The sale created huge interest worldwide and after an extensive marketing campaign including the production of an accompanying video and tours to London and Washington the sale was a resounding success with every lot selling - a rare 'white glove' auction - setting new records for nearly a third of the artists represented and almost quadrupling the pre sale estimate. While the end result was hugely gratifying the process of working with the consignors, to researching the artworks and laying out the catalog was equally rewarding. A memorable and enjoyable experience all around.
Alasdair Nichol is Chairman and Director of Fine Art at Freeman's auction house. Founded in 1805 and located in Philadelphia, Freeman's is the oldest auction house in the United States.

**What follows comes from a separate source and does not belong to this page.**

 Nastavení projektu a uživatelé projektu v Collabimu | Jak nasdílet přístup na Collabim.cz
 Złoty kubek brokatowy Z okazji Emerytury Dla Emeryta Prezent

Having been within the same family for six generations, Mr Nichol and two colleagues acquired the company in a friendly management buy-out last year.
Born in Edinburgh, Scotland he studied Fine Art at Gray's School of Art in Aberdeen before graduating with a Masters degree from the University of Ulster in Belfast, Northern Ireland.

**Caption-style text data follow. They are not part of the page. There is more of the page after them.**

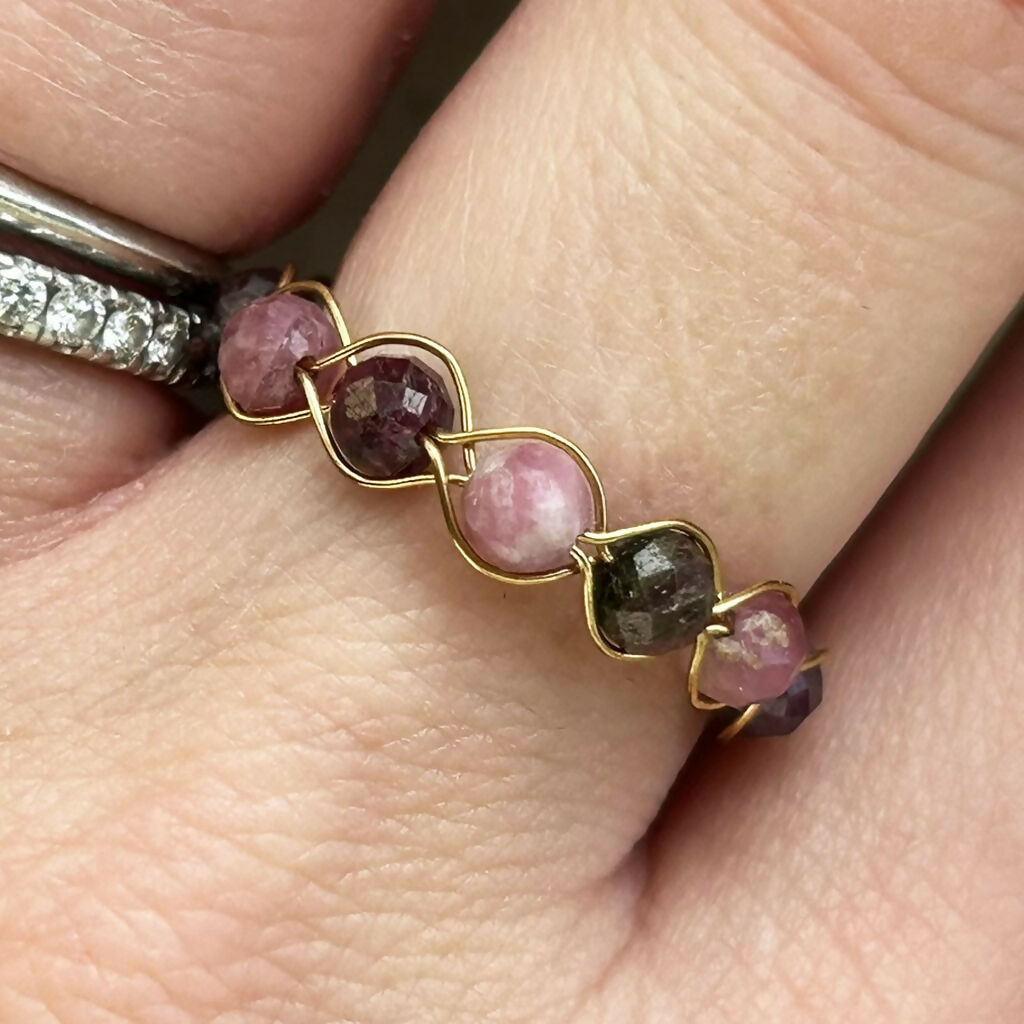 Handmade Gold Vermeil Pink Tourmaline Beaded Ring Size M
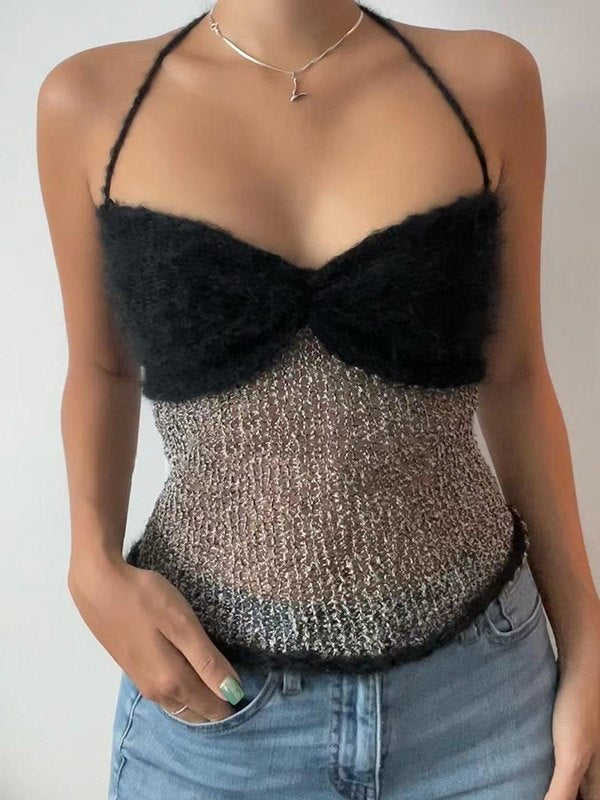 Fuzzy Halter Knitted Crop Cami Top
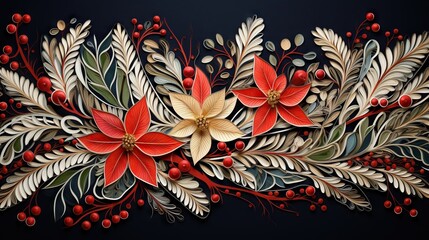  a painting of flowers and leaves on a black background with red berries.  generative ai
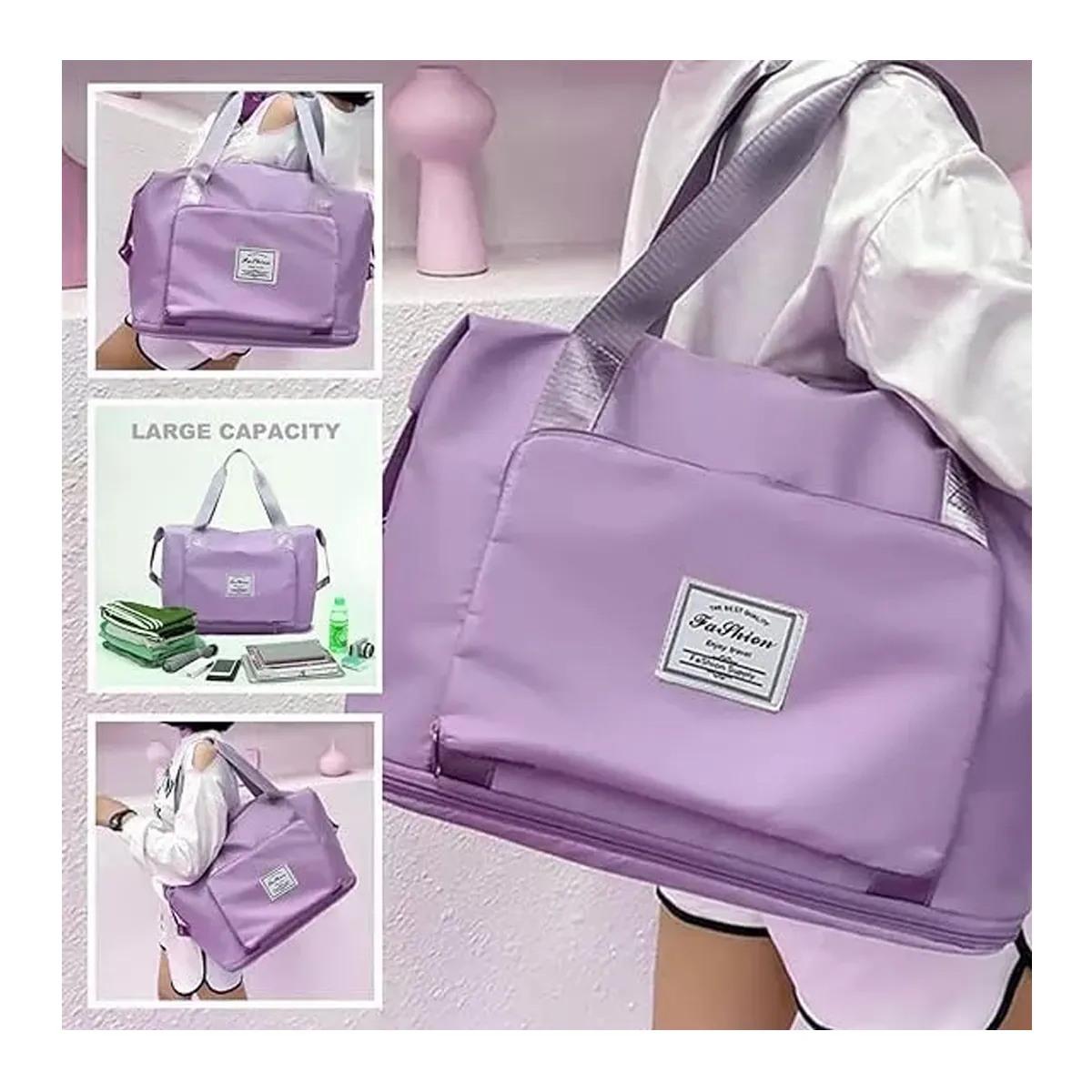 Bolsa De Viaje Plegable Expandible Morado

He was one of thirty students chosen to represent the UK in a major international traveling exhibition with venues in London, France and Germany.
In 1985, he embarked on his career in the auction world with an international house in Edinburgh before moving to Glasgow where he organized the first sale of Scottish Contemporary Art at the world renowned Glasgow School of Art. He subsequently moved to the main saleroom in London where he specialized in Modern & Impressionist Art before transferring to New York as Head of Fine Art in 1997. In 1999 he joined Freeman's and as an auctioneer of almost thirty years has sold many significant collections and set countless world records. In addition he has wielded the gavel at countless charity auctions raising millions for numerous worthwhile causes both in the UK and USA. Respected as one of the leading figures in the American Fine Art market, Mr Nichol is a former First Vice President of the Appraisers Association of America and now serves on its Advisory Board.
Since 1998 he is perhaps best known for his regular appearances on the top rated PBS program 'Antiques Roadshow' where the Clyfford Still painting that he appraised for $500,000 is amongst the most valuable finds on the show.
When not traveling Mr Nichol resides in Manhattan with his wife , Susi, and their two sons, Stevie and Lachie.